1) Cinquecento capriccioso e irregolare. Eresie letterarie nell’Italia del Cinquecento, a cura di P. Procaccioli e A. Romano, Manziana, Vecchiarelli, 1999, pp. 7-30, 149-172;

2) Hiram Haydn, Il Controrinascimento, Bologna, il Mulino, 1967, pp. 5-14; 129-208;

3) Nicola Bonazzi, Il carnevale delle idee. L’antipedanteria nell’età della stampa (Venezia, 1538-1553), Bologna, Gedit, 2007, pp. 1-41 (Introduzione + 1° parte del cap. I)

Group B

1) I. Paccagnella, Le macaronee padovane. Tradizione e lingua, Padova 1979, pp. 11-33; 62-83;

2) A. Capata, «Semper truffare paratus». Genere e ideologia nel Baldus di Folengo, Roma, Bulzoni, 2000;

3) A. Daniele, Folengo e Ruzzante: dodici studî sul plurilinguismo rinascimentale, Padova, Esedra, 2013, pp. 11-46;

4) G. Barberi Squarotti, Introduzione a Opere di Francesco Berni e dei berneschi, a cura di G. B. S. e M. Savoretti, Torino, Utet, 2014, pp. 11-51;

5) G. Bàrberi Squarotti, Il Berni: la teoria letteraria e pittorica per antifrasi, «Letteratura italiana antica», 5 (2004), pp. 385-400;

6) A. Corsaro, Il poeta e l’eretico: Francesco Berni e il dialogo contra i poeti, Firenze, Le Lettere, 1988;

7) G. Falcone, Pensiero religioso, scetticismo e satira contro il pedante nella letteratura del Cinquecento, «La Rassegna della letteratura italiana», LXXXVIII (1984), pp. 80-116;

8) P. Larivaille, Pietro Aretino tra Rinascimento e Manierismo, Roma, Bulzoni, 1980, pp. 139-227;

9) Q. Marini, Eversione e conformismo in Pietro Aretino, in «La rassegna della letteratura italiana», LXXXIV (1980), pp. 501-519;

10) F. Sberlati, L’infame. Storia di Pietro Aretino, Marsilio, 2018, pp. 154-212 (cap. su “Venezia”).

Teaching methods

Lectures and discussions aimed at reading texts and discussing interpretative hypotheses about them.

Assessment methods

Oral exam consisting of a discussion (approx. 40-45 minutes) of both the general and the monographic section. Students are required to show the ability to discuss and interpret the assigned texts clearly and persuasively, relating them to their cultural context. Also the student's ability to express himself with clarity and language properties will be evaluated. The standard of oral expression will also be assessed.
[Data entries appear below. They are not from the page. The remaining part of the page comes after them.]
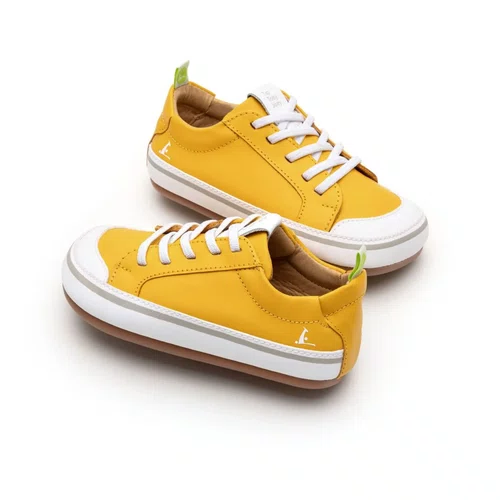 Tênis Couro Funky 20 Amarelo Caja Tip Toey Joey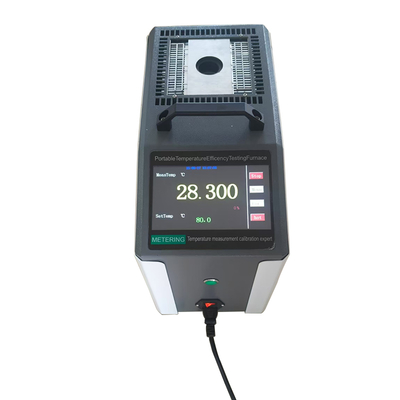New Portable Dry Block Temperature Calibrator With RS232 Bluetooth 300~1200℃ Full Screen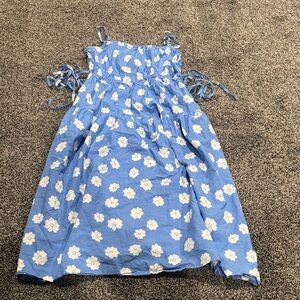 Universal Thread Blue and White Floral Midi Dress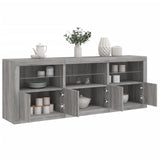 Sideboard With Led Lights 181.5X37X67 Cm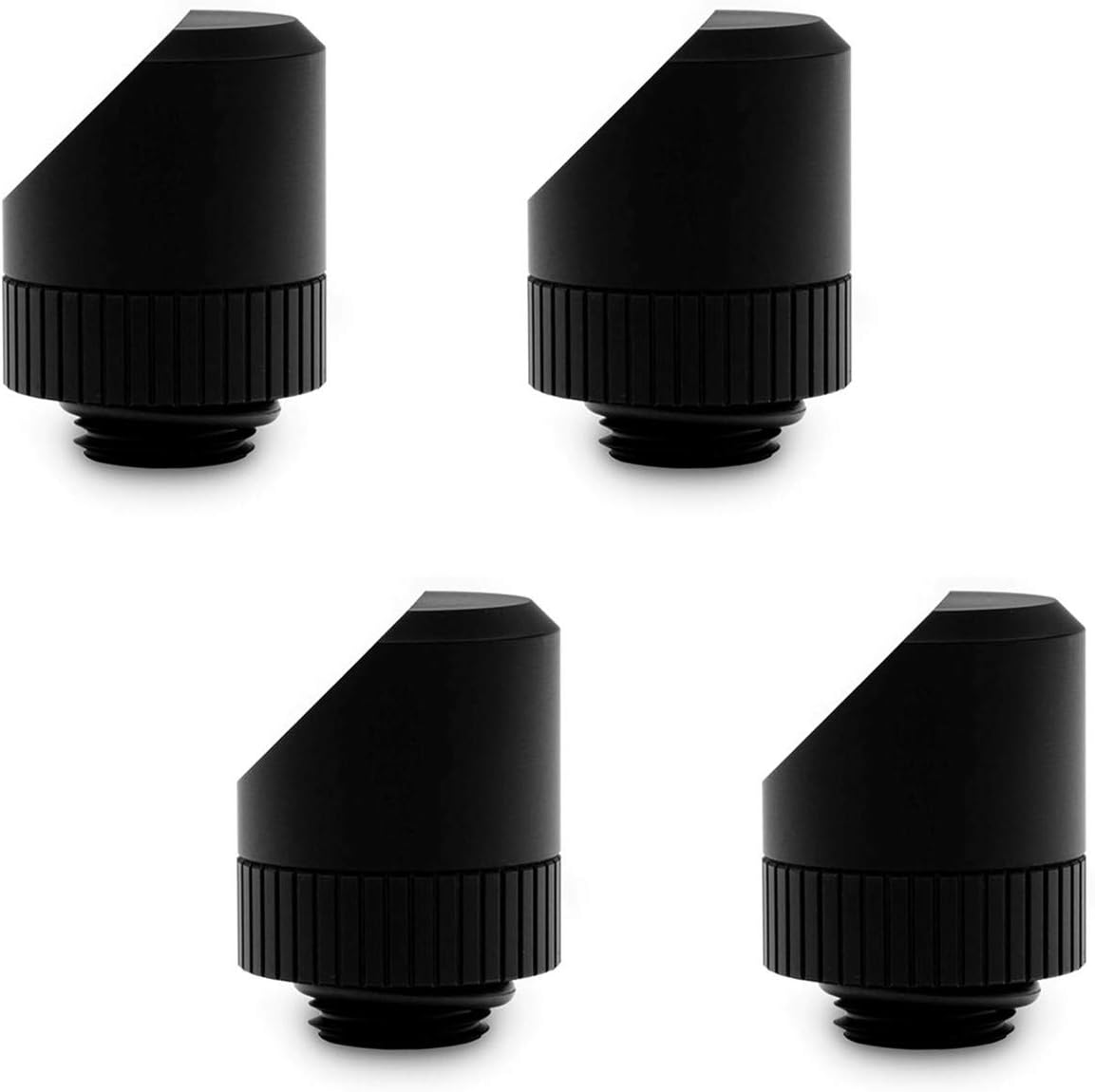 Black 45 Degree Angled Rotary Fitting, 4-Pack L197003
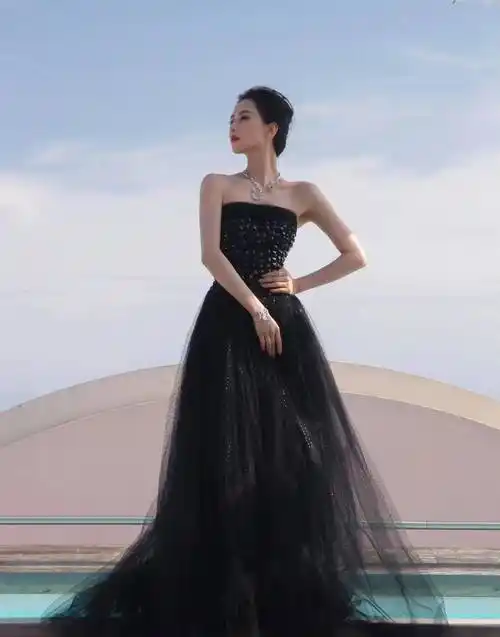 刘诗诗穿阿玛尼高定礼服,就像灰姑娘穿水晶鞋!_衣服_设计的_玫瑰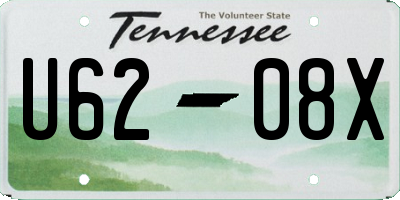TN license plate U6208X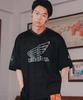 PHYPS MOTORCYCLE Original Wing Logo Mesh T-Shirt Black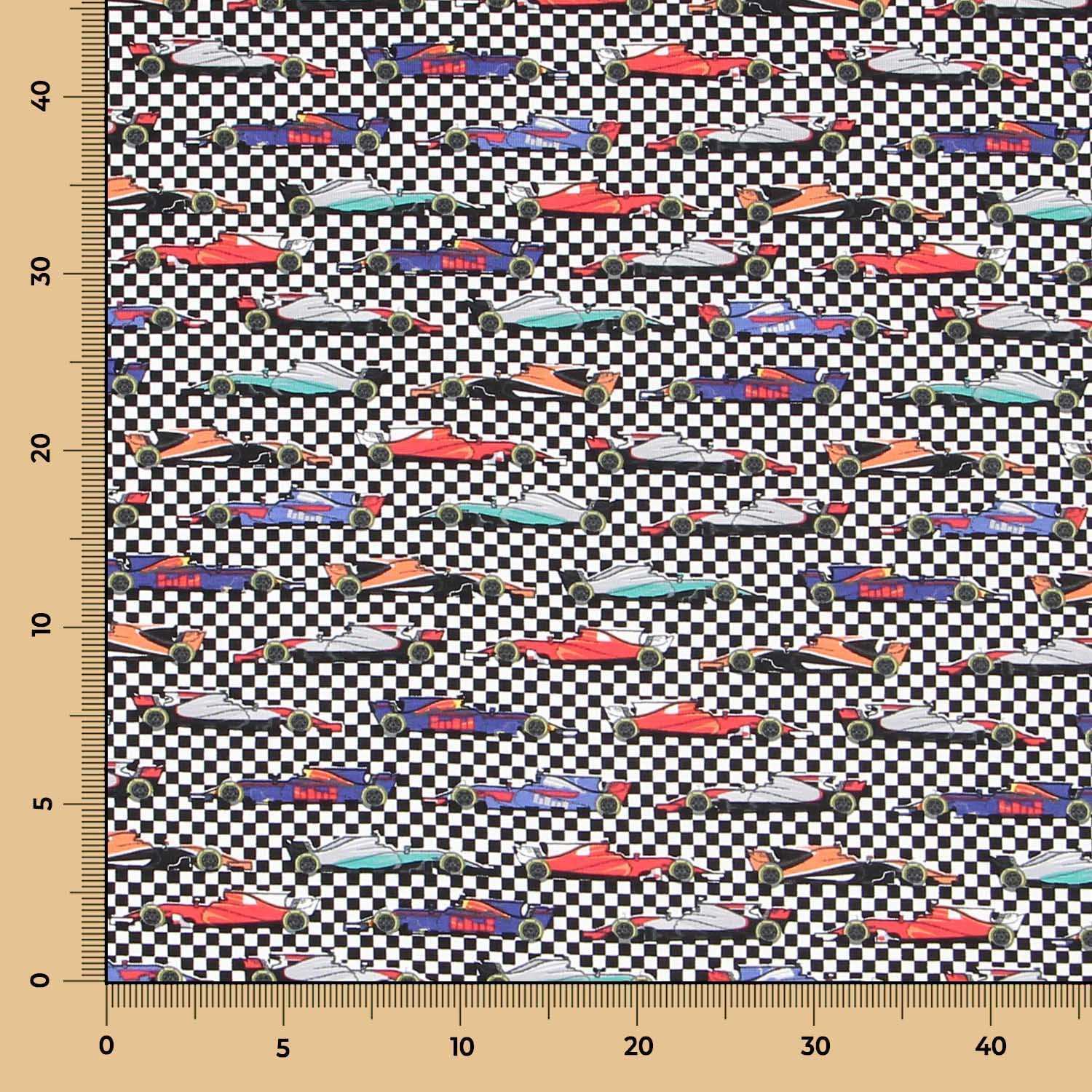 Jersey de Coton Courses Voitures - Ribes y Casals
  • The lack of ability to orientate itself in the literary panorama of Renaissance culture and to recognize the fundamental characteristics of the major texts of the late 15th and 16th centuries of the program will entail negative voting;
  • The student who will grasp the fundamental aspects of the works and authors proposed during the course and will recognize the fundamental questions and the salient features of the most important works of Renaissance literature and its protagonists will achieve a positive evaluation (vote: 25-28);
  • An in-depth knowledge of humanistic texts and literature will imply a very good (29-30) and even excellent (30L) evaluation. To achieve excellence, a complete understanding of all the topics covered is required, and also the firm possession of the literary chronology (the dates of the major works' output of the authors treated are important), the use of precise technical terminology (in the rhetorical domain) , philological-literary, etc .. eg: to know being able to say the precise literary genre to which the mentioned works belong, or to indicate the chronological range of composition in the case of very famous works, such as L'Orlando furioso or Il Cortegiano) and, moreover , a personal critical elaboration of the acquired contents.

Teaching tools

Projection of word, pdf, ppw files and photocopies distribution.